Michelle Obama wzięła udział w mityngu na Uniwersytecie Miami, gdzie wezwała młodzież do „odzyskania władzy” oraz zakończenia stanu frustracji i powrotu do politycznej aktywności.
Pani Obamowa skoncentrowała się na problemie niskiej frekwencji wyborczej, zwłaszcza podczas wyborów w połowie prezydenckiej kadencji, takich jak nadchodzące w listopadzie. To tzw. wybory „średniokresowe”, wybory do Senatu (wybiera się 1/3 senatorów) i Izby Reprezentantów.
Tylko około 40 procent wyborców zazwyczaj głosuje podczas wyborów „średniookresowych”. W ostatnich „średniookresowych”, w 2014 roku odnotowano najmniejszą frekwencję wyborczą od czasu II wojny światowej, z mniej niż 37 procentami. To bardzo martwi Obamę, ponieważ ci niegłosujący to zazwyczaj uboższa część społeczeństwa, potencjalni wyborcy Demokratów.
„Kiedy ogromna część populacji nie spełnia swojego obywatelskiego obowiązku, to nie powinniśmy być zaskoczeni, że nie możemy wcielić naszych wartości w życie” – powiedziała.
Wystąpienie Michelle Obamy przed gremium liczącym 5 tys. osób oznacza, że ex-prezydentowa włączyła się w wyborczą kampanię. Już podczas prezydentury jej męża mainstremowe media wychwalały jej intelekt, wiedzę oraz sugerowały, że po zakończeniu politycznej aktywności Hillary Clinton przyjdzie czas na Michelle.

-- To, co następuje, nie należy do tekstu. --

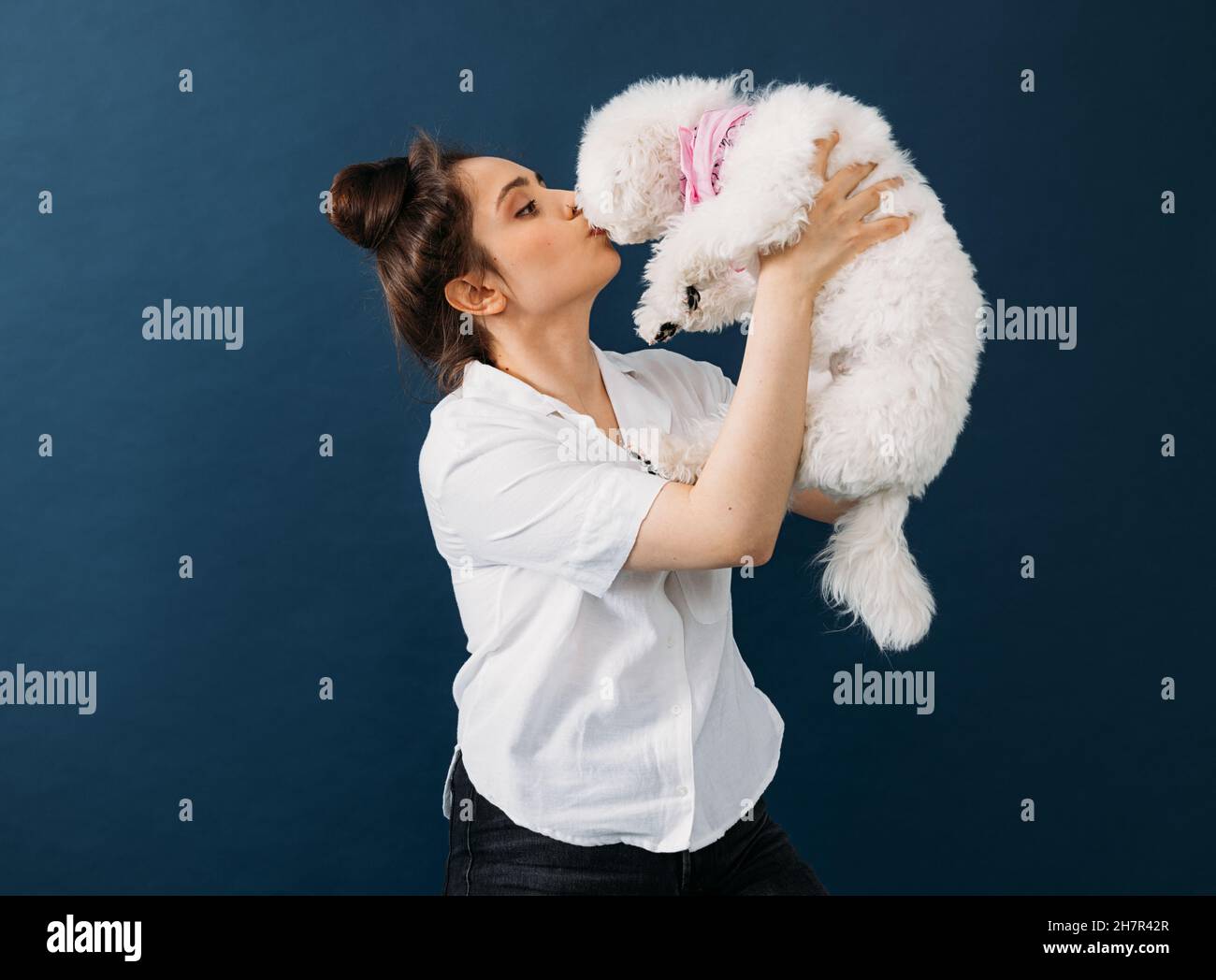 Vue latérale d'une femme tenant et embrassant son petit chien blanc en studio Banque D'Images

Jej wystąpienie, pozbawione zresztą osobistych wskazań co do poparcia konkretnych osób wskazuje, że Obama postanowiła budować swoją polityczną pozycję, jak najbardziej „szeroko” nie antagonizując nikogo ze swoich potencjalnych zwolenników. Temu też służy uruchomienie przez nią krajowej, niepartyjnej organizacji non-profit „When We All Vote”.